Don'umuz, Kişot'umuza "Gazan mübarek olsun" diyerek Şelale Parkı'ndan ayrılıp şehre geri dönüyoruz. "Park çıkışında taksi zilleri var, basınca hemen bir taksi gelir" demişti bizi getiren şoför arkadaş, biz de öyle yaptık. Atladık gelen taksiye ve Porsuk kıyısına geri döndük. Niyetimiz yemek yemekti ama baktık Köprübaşı Tekne İskelesi'nde kalabalık var, yemeği sonraya bıraktık. Gerçekten epey insan toplanmıştı. Biletimizi aldık (kişi başı 7,5 TeLe) ringe çıkan teknenin dönüşünü beklemeye başladık. Derken geldi "Malhatun", teknenin adı yani. Aman içinden inen inene, bir küçücük fıçıcık, içi dolu turşucuk hesabı, bitmek bilmedi. Sanırsın belediye otobüsü. Neyse sonunda boşaldı, girip oturduk cam kenarına. Ne göreceksek, sanki Boğaz Turu'na çıkıyoruz. Bildiğimiz Porsuk Çayı, çevresindeki binalar, altından geçeceğimiz rengarenk köprüler. Teknesiz de görüyorduk zaten. Olsun, madem geldik buraya kadar, denemedik şey bırakmamak lazım değil mi? İçerisi feci sıcak ve kalabalıktı. İmece usulüyle birbirlerimizin fotoğraflarını çektik, komşu komşunun külüne muhtaç sonuçta. Yan tarafımızda oturan genç çift 12 dakikalık tekne turu boyunca kafalarını cam tarafına çevirmeden ellerindeki telefondan oyun oynadılar. Halam sağ olsa "Yavruuum" derdi, "o oyunu evinizde oynasanız da boşa para vermeseydiniz tekneye". Hoş belki hafif sallantıda şekerler daha iyi patlıyordur.. 


"Kaptan, üzerimize doğru bir gondol geliyor!" "Tüm yelkenler fora, kaçınnnn!"


12 dakikalık turdan sonra "Niye bindiydik ki, aman bir şeyden eksik kalmayalım" duygusuyla indiğimiz teknemiz efendim, yeni yolcularını bekliyor. 
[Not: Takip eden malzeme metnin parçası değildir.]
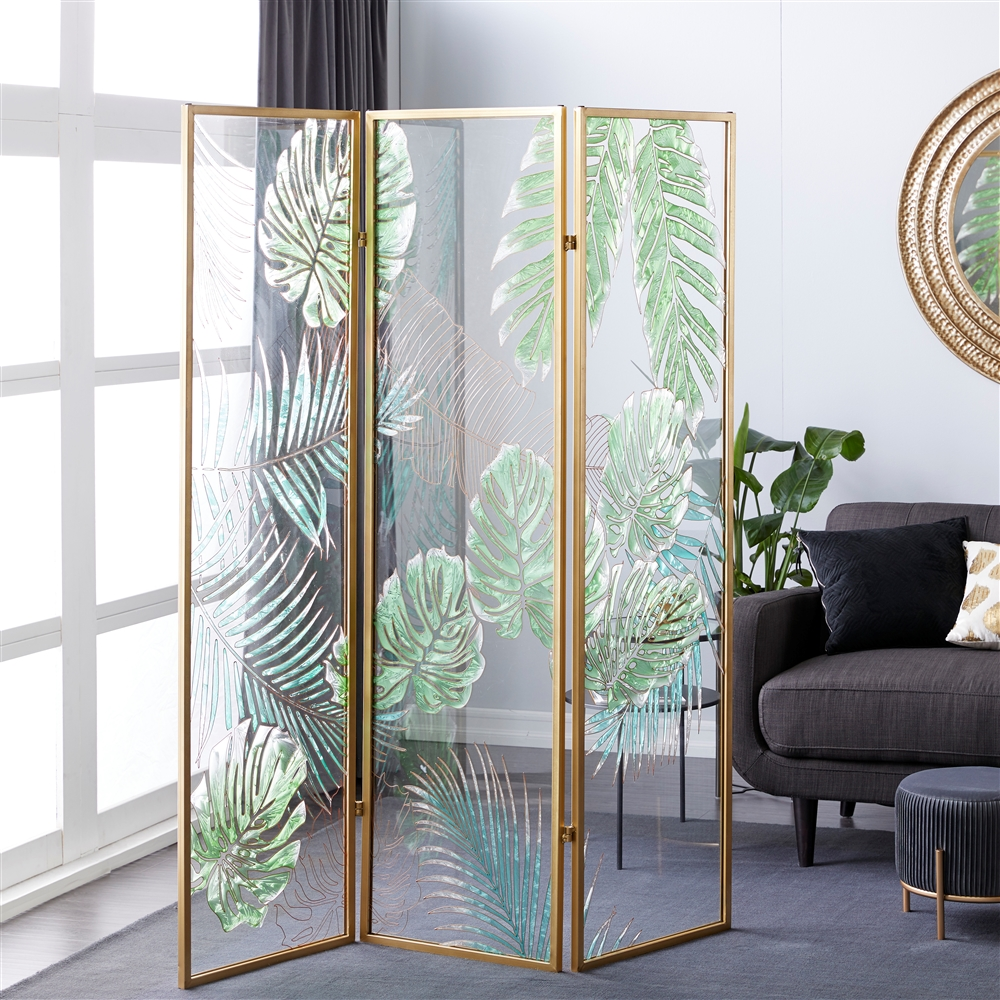 Grayson Lane 3-Panel Green And Gold Folding Contemporary/Modern Room Divider 3 Grayson Lane 3-Panel Green And Gold Folding Contemporary/Modern Room Divider - Image 3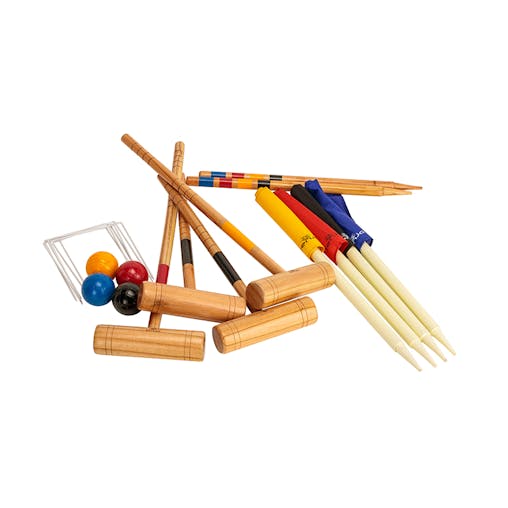 Premium Wooden Family Croquet Ball Mallet Game 4 Player Set
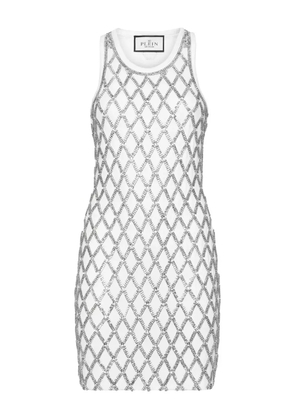 Philipp Plein Crystal Net mini dress - White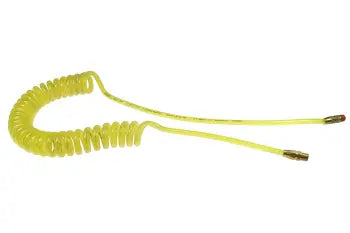 PRE38-254A-TY by Coilhose | Flexeel® Reinforced Coiled Air Hose | 3/8" Hose ID x 9/16" Hose OD | 1/4" Male NPT Rigid & Swivel Reusable Fittings | Transparent Yellow | Polyurethane | 25ft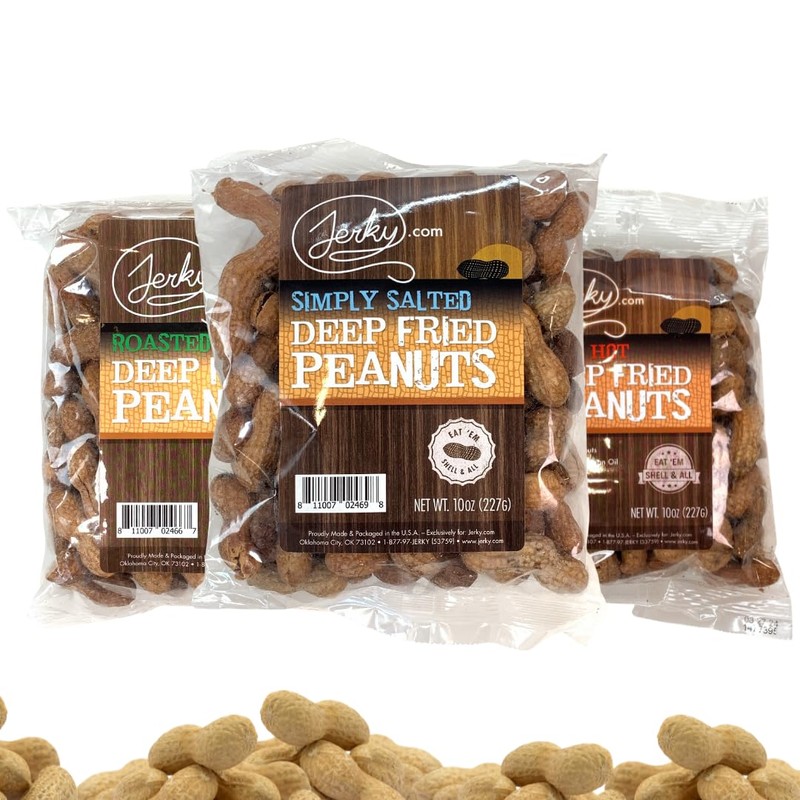 Jerky.com Deep Fried Peanuts in Shell Sampler 3 Pack -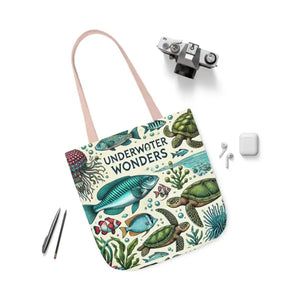 Underwater Wonders Canvas Tote - Ocean Lover Marine Life Art - Dipaliz - Bags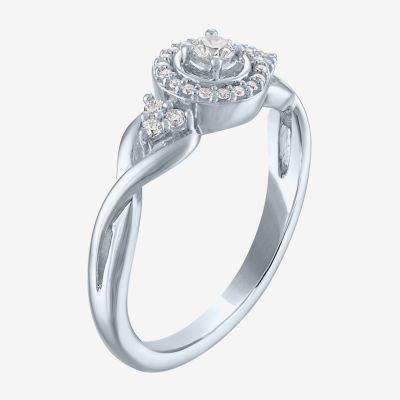 (G-H / Si2-I1) Womens 1/5 CT. Lab Grown White Diamond Sterling Silver Round 3-Stone Halo Promise Ring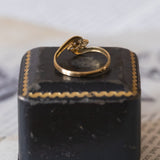 Anello contrarier vintage in oro 18K con diamanti (0.06ctw ca.), anni '60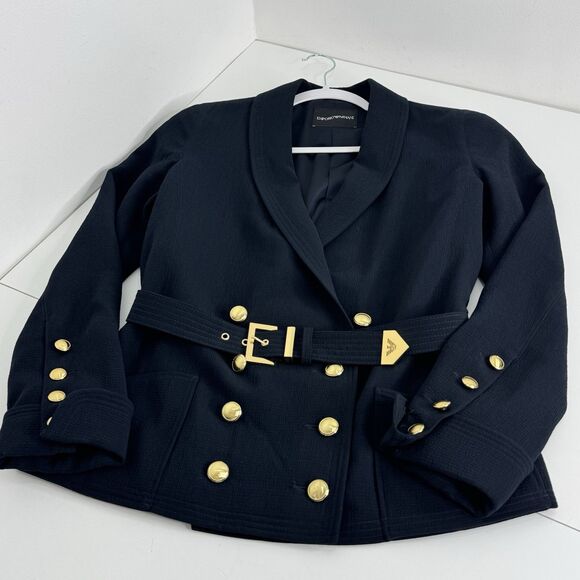 emporio armani fitted double breasted blazer jacket Belted Emblem Sz 42 / 4 - Picture 3 of 16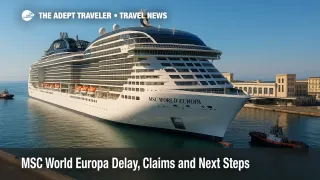 Kayak flotilla near Cruise Port Rotterdam briefly delays a cruise ship's docking, illustrating a Rotterdam cruise protest and traveler timing risks.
Sıra yemeğe geldi, daha önceleri muhtelif alternatifler denemiştik. Bu sefer tam yöresel olsun, hem de yakında nasılsa diye "Papagan Çi Börek"e gitmeye karar verdik. Küçücük dükkan her zamanki gibi tıklımdı, fazlalıklar dışarıdaki masalara taşmıştı. Ortada dolanan yaşlıca bey çok komikti, çocukların yanağından makas alıyor, büyüklerle şakalaşıyor, bir yandan da tabak tabak çibörek taşıyordu masalara. Bize de "Kızlaar" diye hitabetti 😄 İkimize 1,5 porsiyon istedik, devasa börekler geldi, pişman olduk. Zar zor yemeye çalışıp sonuncuyu da tabakta bıraktık. Müsrüflük!
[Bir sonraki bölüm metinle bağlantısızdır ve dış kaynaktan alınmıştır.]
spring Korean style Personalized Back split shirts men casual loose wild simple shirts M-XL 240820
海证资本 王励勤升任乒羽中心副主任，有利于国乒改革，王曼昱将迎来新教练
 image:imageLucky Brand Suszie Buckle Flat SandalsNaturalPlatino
Böreğin adını yanlış yazmışlar bir kere "Çiğ" değil "Çi" börek o. "Çi", lezzetli demekmiş, ben Tatarların ve internetin yalancısıyım:

"Bolsa eger sıprada birkaç tane çibörek
Her bir derkde devadır, başka ilaç ne kerek"
(Varsa eğer sofrada birkaç tane çibörek
Her bir derde devadır, başka ilaç ne gerek"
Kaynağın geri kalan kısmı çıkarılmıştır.